Friday, January 20, 2012

Rolling Over

Yeah for Caleb!!  He finally rolled over all the way on his very own today.  He's been trying for several days now and was getting close.  He likes to roll back to front. I'm just glad that I was able to actually catch it on camera....well on my cell phone camera...that's still something.  Half the time "that special/eventful moment" passes before I can get the camera and shoot some pictures, regardless of how often I carry the camera around or have it ready and close by.
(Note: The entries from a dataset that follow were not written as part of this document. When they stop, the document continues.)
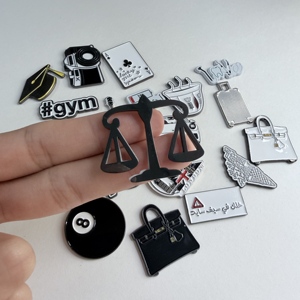 Nouvelle Broche en Métal Émaillé Souple Noir et Blanc Minimaliste 2026, Personnalisable avec Croix Arabe Gravée, Motifs Tendance pour Décoration Intérieure - Product Image 4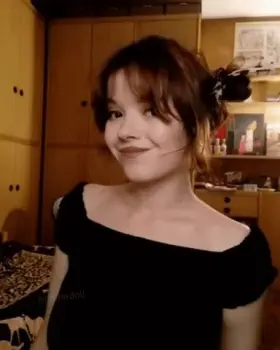 Ever been with a French girl? (19)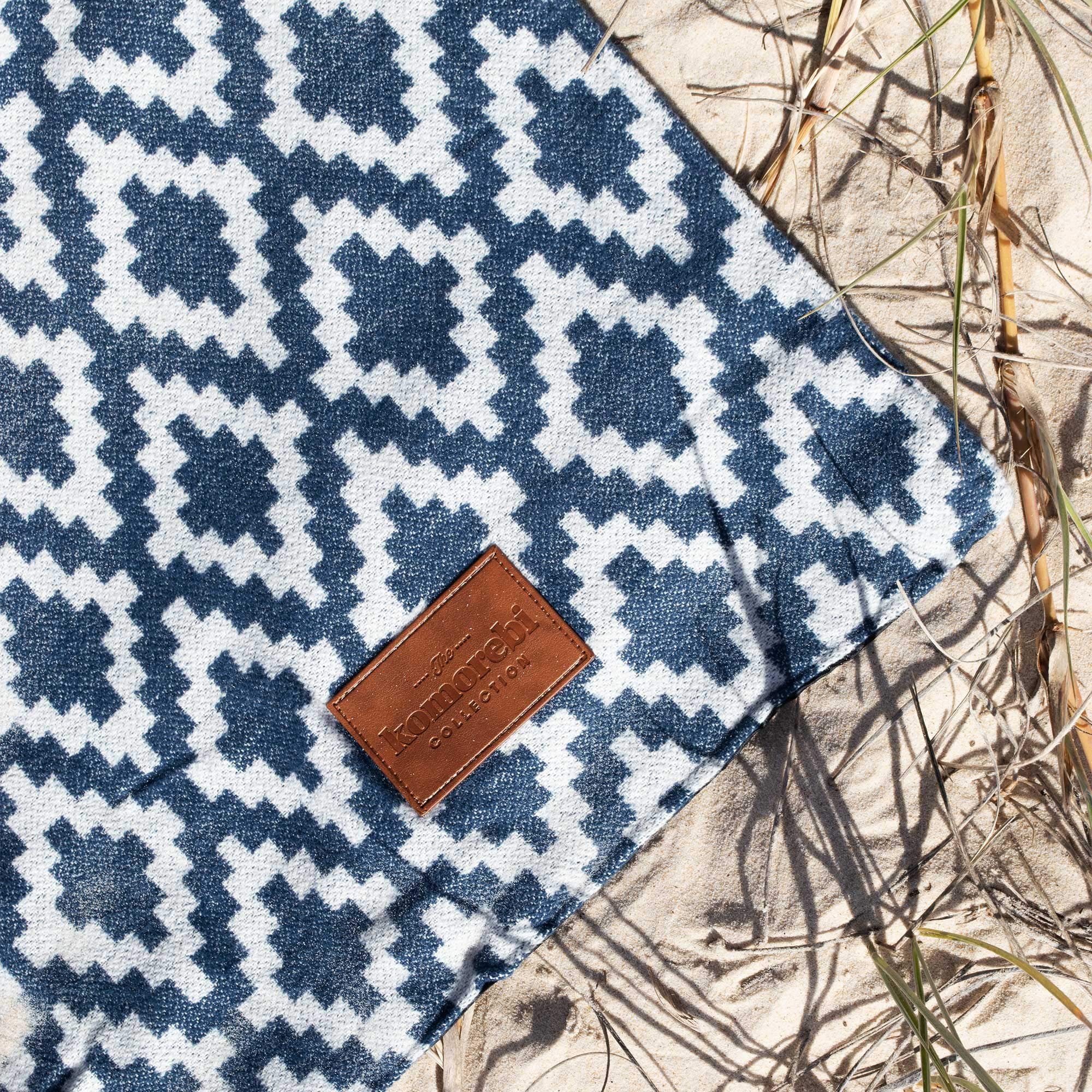 Komorebi handheld packed blanket illustrating easy portability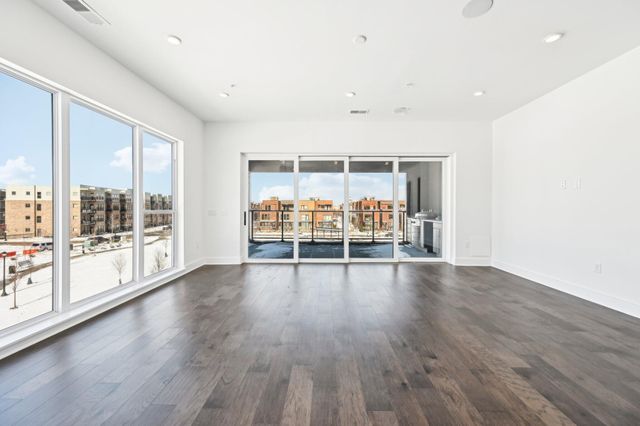 270 Dickenson Street, 301, Columbus, OH 43215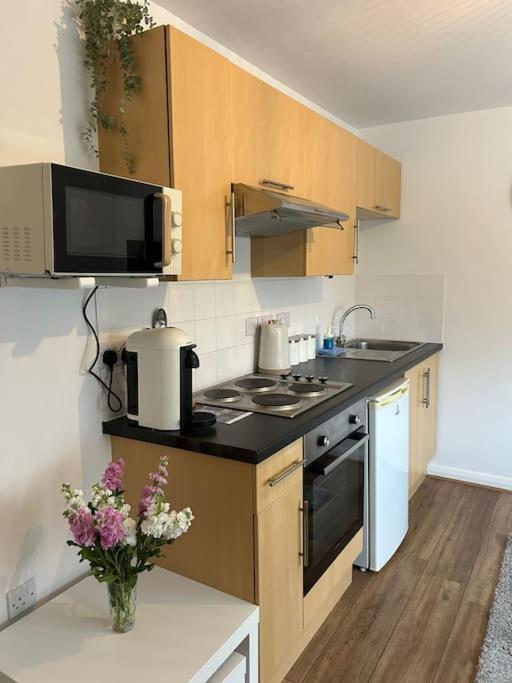 Apartamento 31 Canal Apartments, Canal View -temple Meads Bristol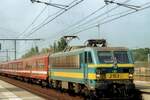 NMBS 2153 steht mit ein Spitzverkehrszug am 13 Juni 2006 in Antwerpen-Luchtbal.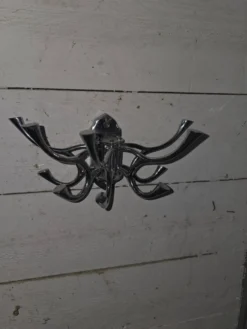Porte manteaux circulaire en fer chromé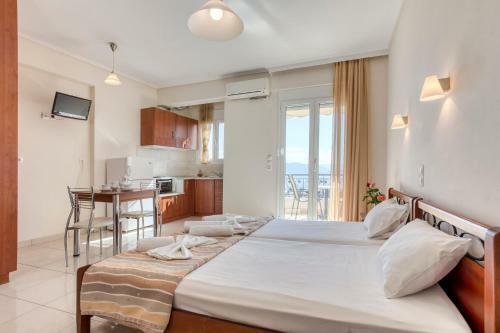 Niovi Luxury Apartments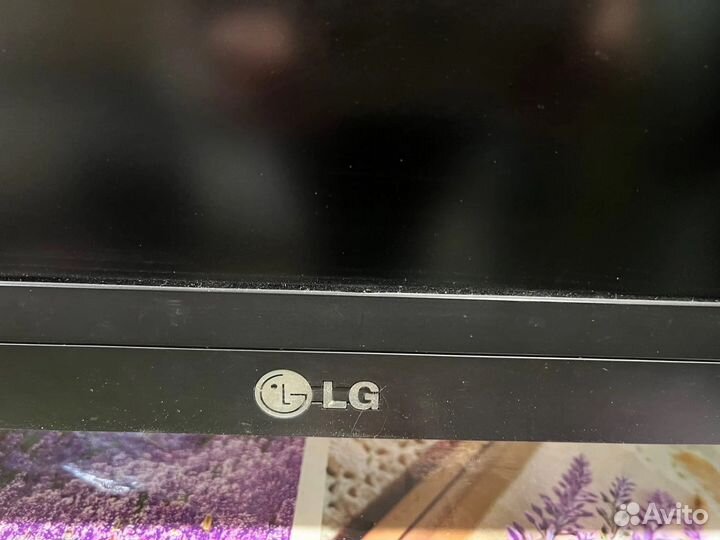 Монитор LG Flatron (Корея), диагональ 32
His little toy turtle was laying a little far over and he wanted it to play with.  
He had thrown it over there not too long before I took this shot. 

 And the rolling begins




 Ahhh....made it...got my turtle.

I love this moment.  I remember when Miles rolled over and I can't believe that Caleb has.  This again is just another step in his learning and growing process.  I get really excited over these moments and then there is a slight second where I am sad because it means they are growing and that time is passing by.  Oh, but I have pictures...and one day I'm sure when my boys are grown I will pull these pictures out, lose myself in the moment remembering when this happened, and smile to myself.  I'm sure I will also be telling them "I remember when...." and they may go "yes mom" or "not again mom" but that time is far from now I tell myself.  People always say to me "treasure this time, it goes by fast."  It makes me wonder sometimes if I am enjoying every moment.  But when I really think about, I know that I am enjoying it the best I can, there are those days where Miles is driving me crazy, screaming while we are in line at Target, or hiding from me between the clothes racks, and Caleb is crying at the top of his lungs...I wonder to myself "what am I doing" or "I just want this to end"....but if I stop and take a deep breath and remember the moments, like that above, they outweigh the crazy ones (which sometimes are funny also...later, much later) it is all worth it.